Sergio Bologna e Dario Banfi, Vita da freelance
Feltrinelli, 283 pagine, 17 euro
Negli ultimi due secoli, ma in fondo anche prima, all’emergere di ogni gruppo di lavoratori di tipo nuovo è seguita una fase in cui questo gruppo ha cercato di rivendicare e difendere i suoi diritti. Così, per esempio, è avvenuto con gli operai tra otto e novecento. Negli ultimi trent’anni le trasformazioni dell’economia che hanno accompagnato la fine del modello fordista hanno generato figure nuove, i lavoratori autonomi che operano nel campo della conoscenza, quelli che abitualmente chiamiamo freelance, ma è difficile cogliere un vero movimento diretto alla loro organizzazione e tutela.
Sergio Bologna, che una quindicina di anni fa aveva battezzato queste figure “lavoratori autonomi di seconda generazione”, e Dario Banfi, esperto di “liberi professionisti digitali”, si chiedono cosa abbia potuto produrre questo scarto tra il crescente peso dei freelance nella nostra società e la loro assenza di coesione, e provano a colmare il vuoto.
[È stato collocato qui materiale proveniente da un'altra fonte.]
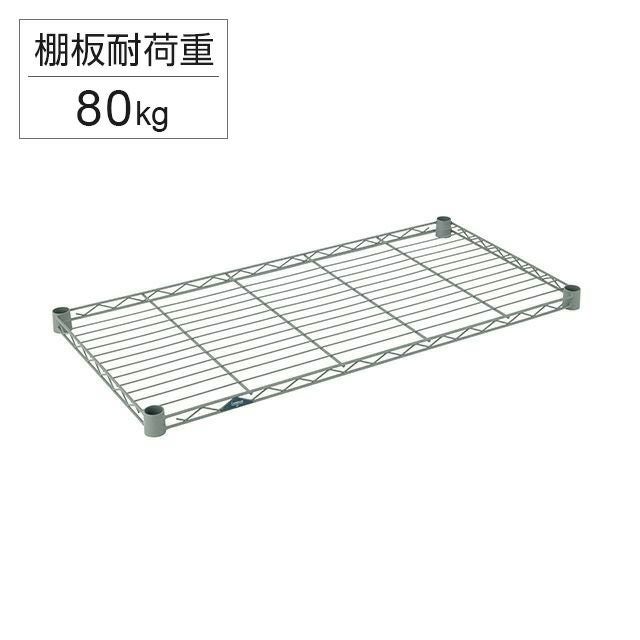 スチールシェルフ 幅91.5×奥行46cm グレー ルミナスEX スチールラック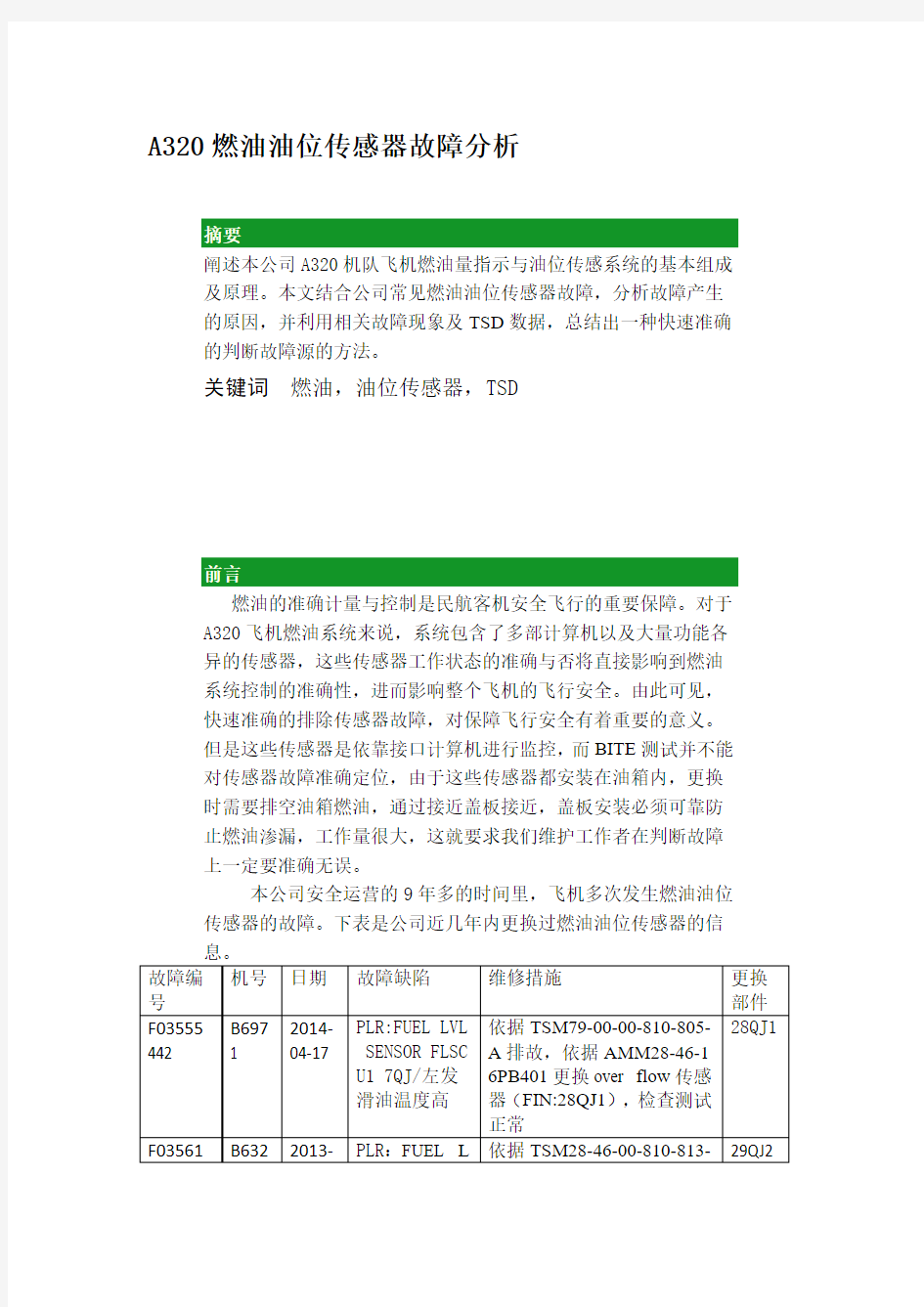 A320燃油油位传感器故障分析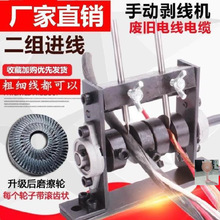 �������CС�͏U�~���քӷ��x�ܾ����~����|Ƥ�����Q���x���๦��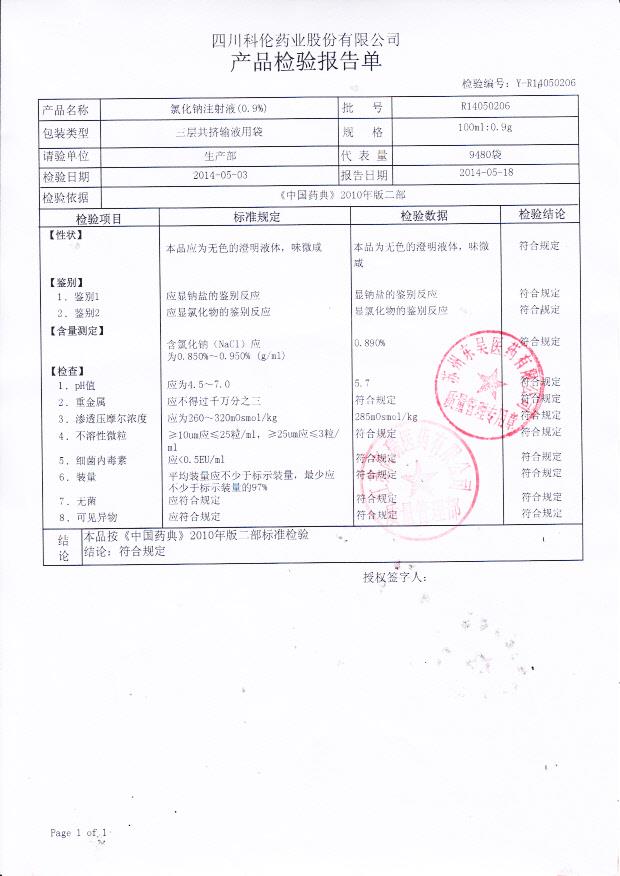 R14050206氯化钠注射液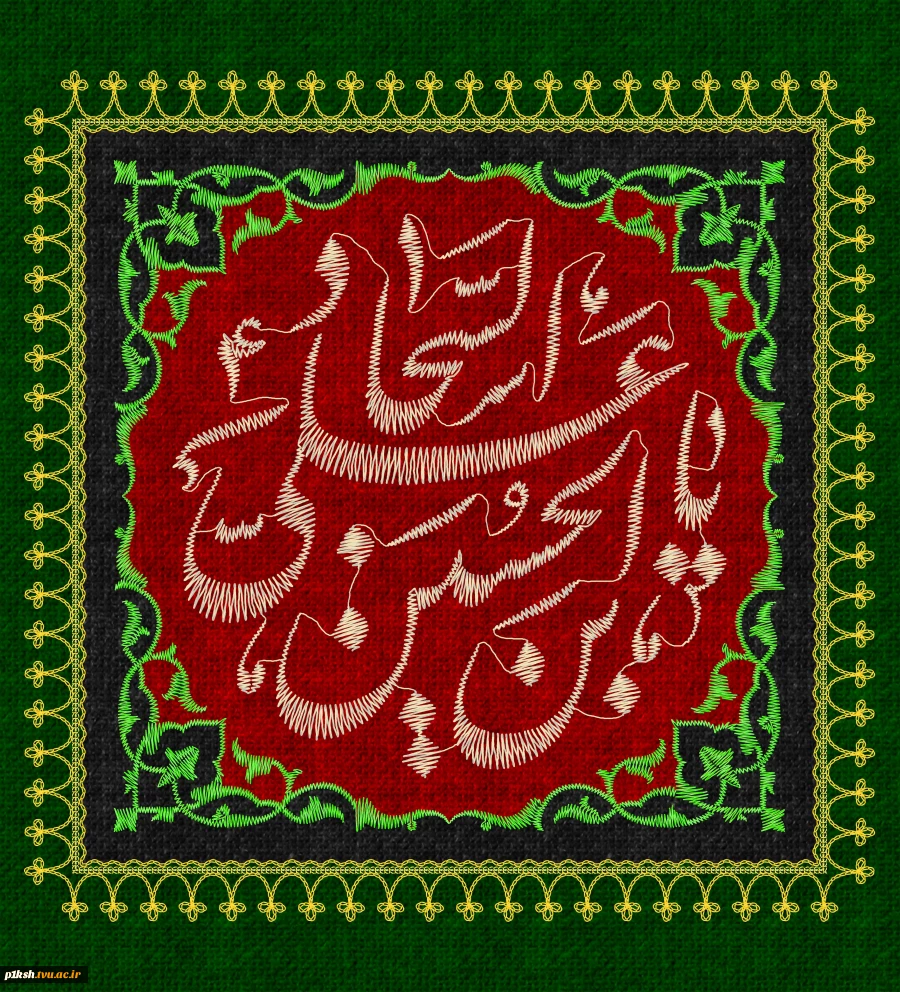 شهادت امام سجاد علیه السلام تسلیت باد 2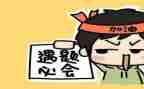 期中考前讲话稿8篇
Basandosi su classici della sociologia, statistiche e blog, mettono in luce l’impatto negativo che sull’organizzazione dei nuovi lavoratori hanno avuto l’ideologia del “professionalismo”, la più generale crisi delle tutele sindacali, il silenzio della stampa, e segnalano l’importanza di superare l’idea di precariato, di saper ragionare sui compensi, di conoscere le esperienze di nuova rappresentanza in giro per il mondo.